Motion Vector Prediction (Delta Coding)
Because objects in a video frame usually move together, neighboring blocks of pixels tend to have highly correlated motion. libvpx exploits this spatial correlation through motion vector prediction.
Instead of encoding the absolute coordinates of a motion vector, the encoder predicts the motion vector of the current block using the vectors of adjacent blocks (typically to the left, above, and diagonally). It then calculates the difference, known as the “motion vector residual” or “delta.” Because the prediction is usually highly accurate, the residual is often zero or a very small number, which requires significantly fewer bits to encode than the full coordinate.
Advanced Reference Selection and VP9 Candidates
In VP9 (the more advanced codec in libvpx), motion vector prediction is further refined. The encoder maintains a list of “candidate” motion vectors from both spatial neighbors and temporally co-located blocks in previously decoded frames.
VP9 categorizes these candidates as “Near” and “Nearest” matches: * Nearest Neighbor: The most likely motion vector based on immediate spatial neighbors. * Near Neighbor: The second most likely motion vector.
If the current block’s motion matches one of these candidates exactly, libvpx simply sends a tiny index code (a few bits) pointing to the candidate list, bypassing the need to transmit any coordinate residuals at all.
Entropy Coding of Residuals
Once the motion vector residuals are calculated, they are compressed using a boolean entropy coder.

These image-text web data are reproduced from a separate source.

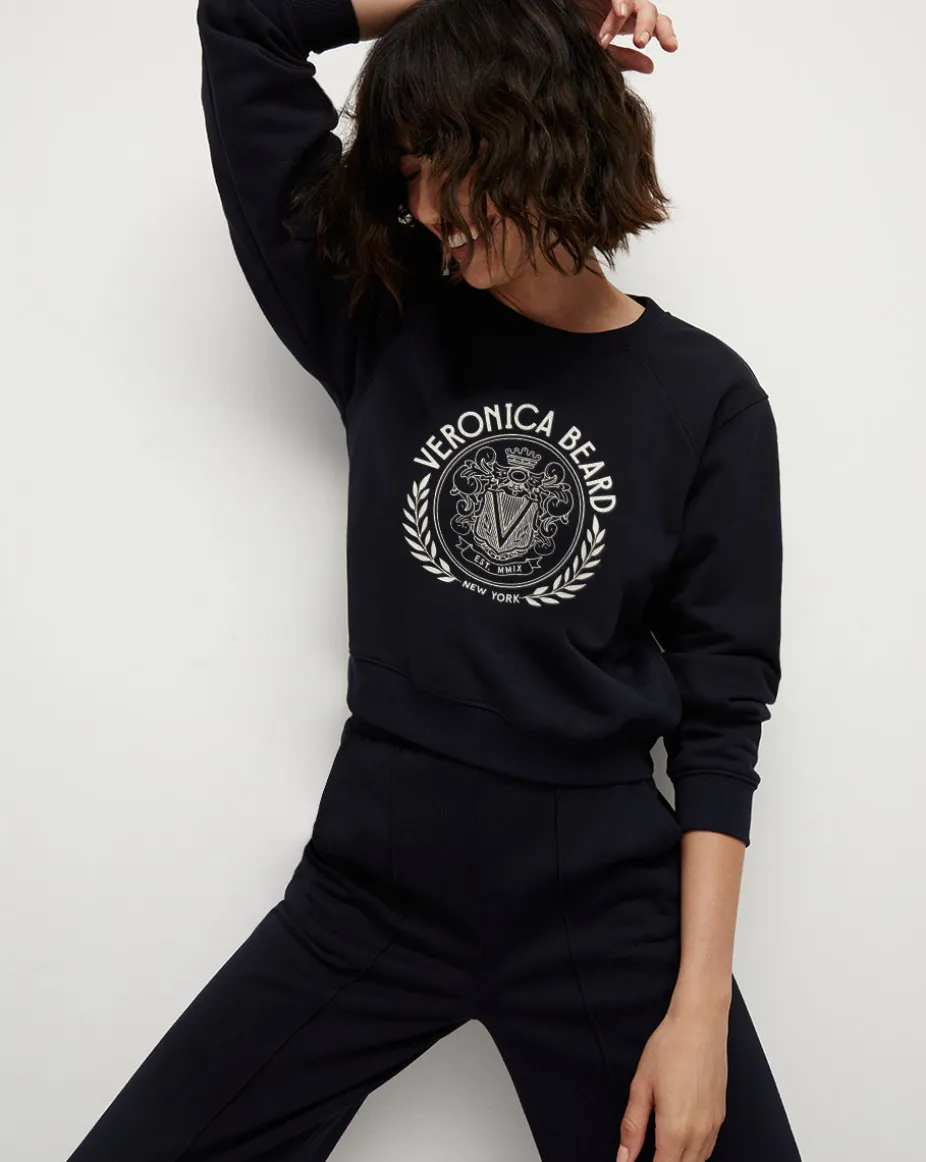 Beaumont Logo Sweatshirt in Navy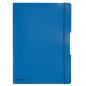 Preview: Herlitz Notizheft flex / DIN A4 / je 40 Blatt kariert + liniert / Farbe: blau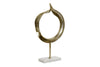 Figura 34X10X55 alumínio dourado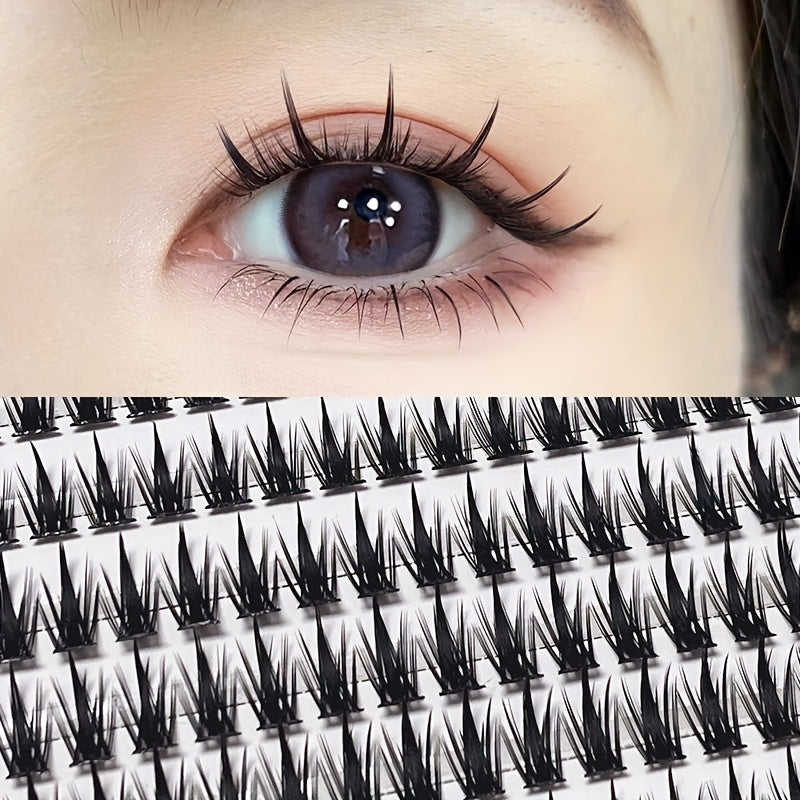 Little Devil Mixed Style Eyelashes Extensions DIY Self Adhesive Eyelashes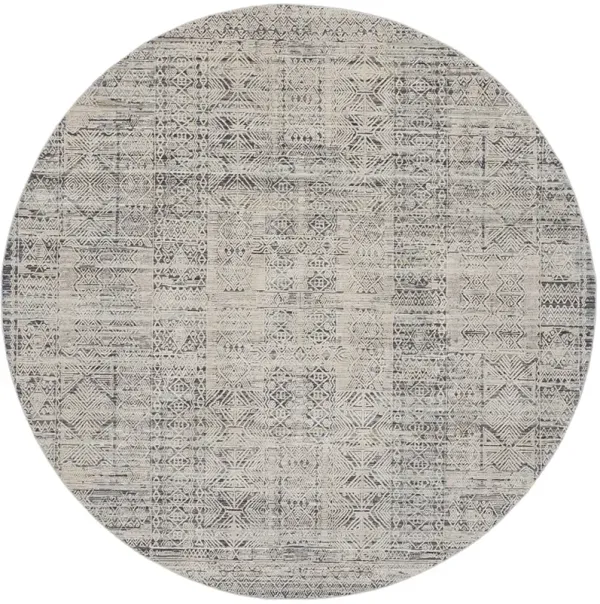 Lynx LNX06 Ivory/Blue 5'3" x 7'10" Rug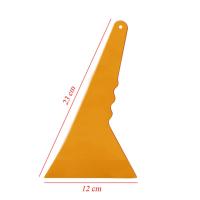 CNGZSY 5pcs Car Film Tools Triangle Plastic Yellow Scraping Applicator Sharp Squeegee Bubble Scraper For Car Film Wrapping 5A01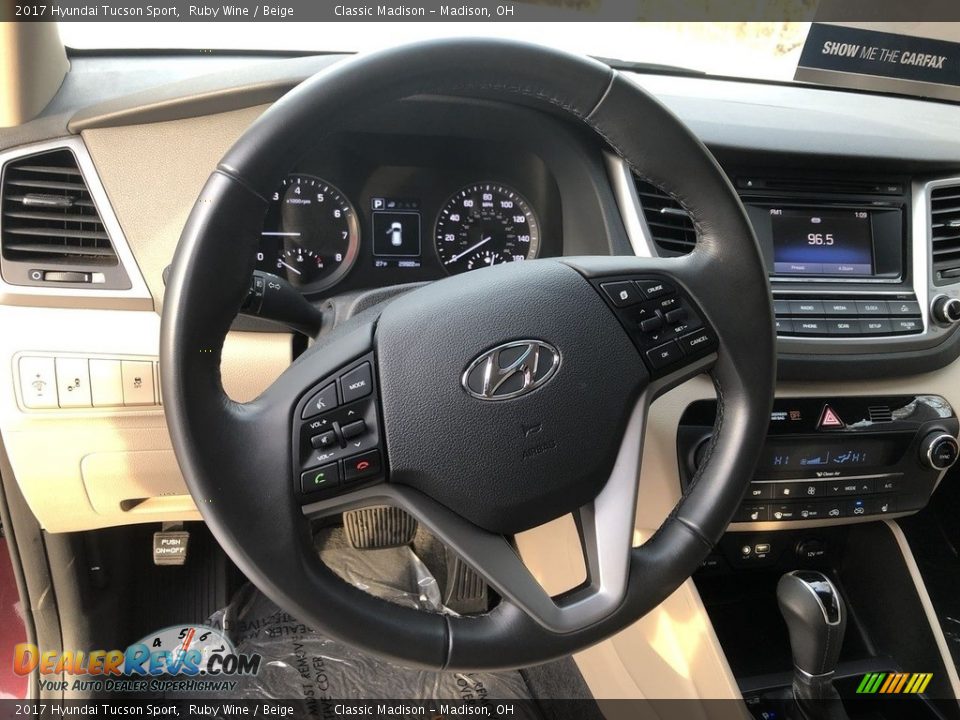 2017 Hyundai Tucson Sport Ruby Wine / Beige Photo #4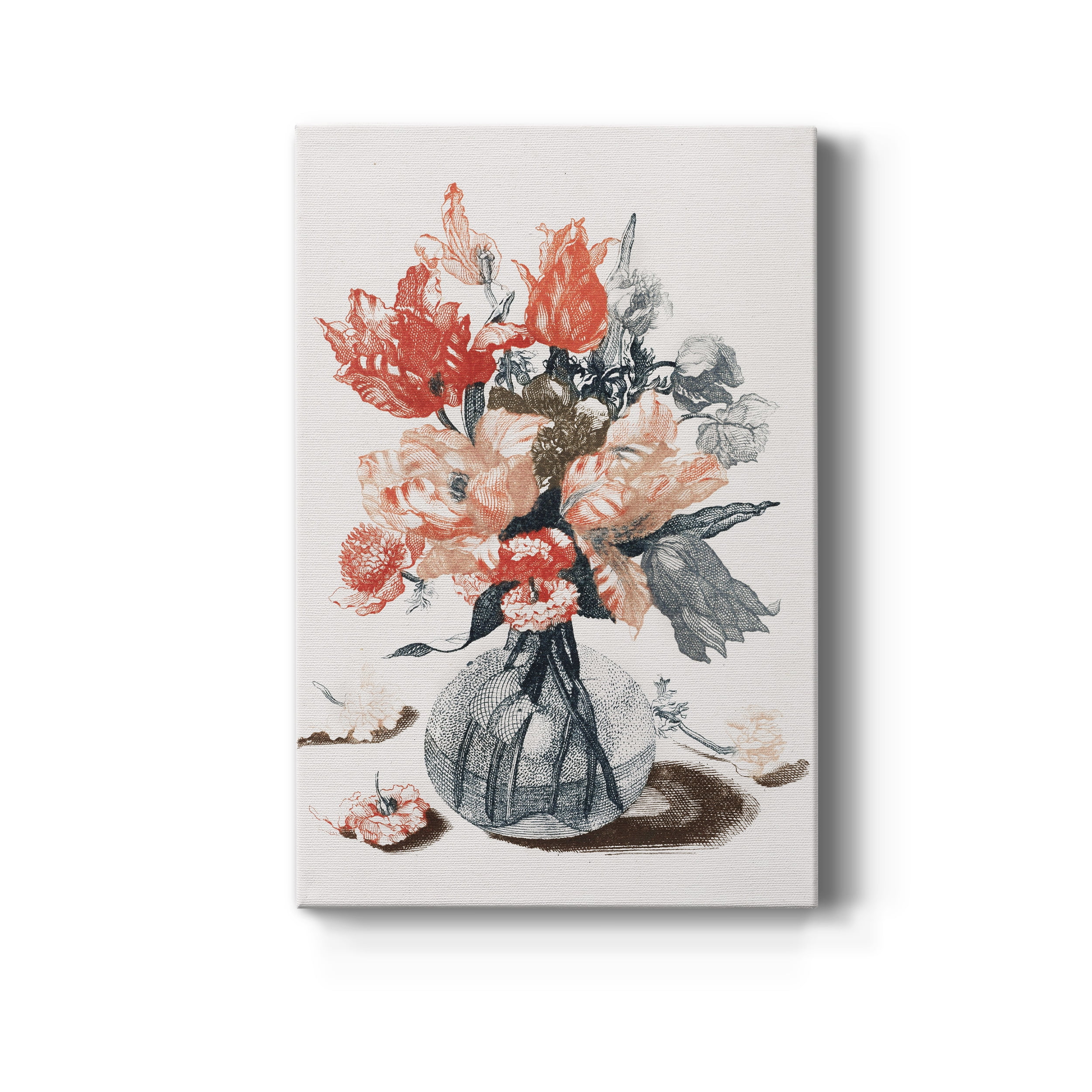 Flowers in a Vase IV Premium Gallery Wrapped Canvas - Ready to Hang - 8 x 12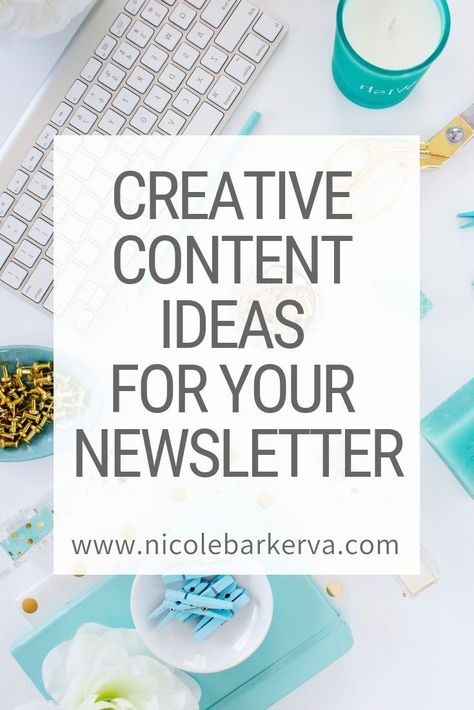 Newsletter Content Ideas, Creative Content Ideas, Newsletter Content, Newsletter Ideas, Blank Screen, What To Write About, News Letter, Business Newsletter, Blog Newsletter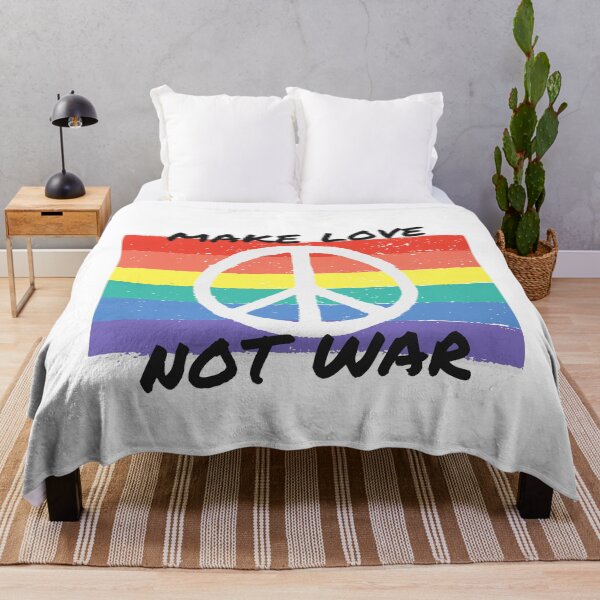 Item preview, make love not war designed and sold by maichix.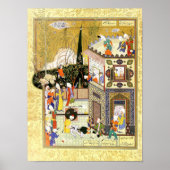 Poster Persian Miniature: The Old Rogue Learns His Lesson (Devant)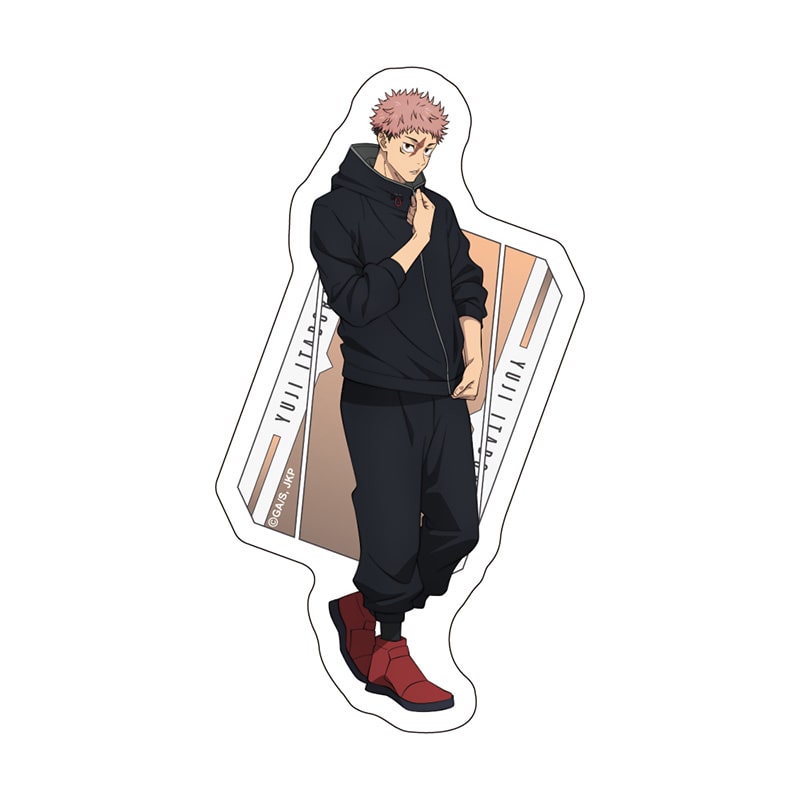 呪術廻戦 ダイカットステッカー 虎杖悠仁 JF2026 Ver.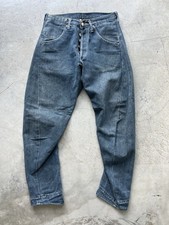 Etichetta posteriore con fibbia jeans ingegnerizzata Levis W34 effettiva 29x28,5 Len191025moss6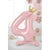 розов балон цифра 4 с корона, рожден ден, парти декорация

This mathematical encoder assigns shorter binary codes to values that occur frequently and longer codes to rare values.
Since the delta values are heavily clustered around zero, libvpx uses custom-tailored probability models to encode them. The library dynamically updates these probabilities based on the statistical distribution of motion vectors in the current frame, ensuring the entropy coder operates at maximum efficiency.
Fractional Pixel Precision and Sub-Pel Filters
libvpx supports sub-pixel (fractional) motion estimation, allowing for quarter-pixel precision. While higher precision improves video quality, it increases the range of potential motion vector values, which can inflate the bitrate.
To counteract this, libvpx compresses sub-pixel offsets by signaling the interpolation filter type (such as Eight-tap, Bilinear, or Smooth) at the frame level or block level. By dynamically selecting the optimal filter and signaling it efficiently, libvpx avoids wasting bandwidth on highly precise but redundant motion vector coordinates when simpler pixel alignments will suffice.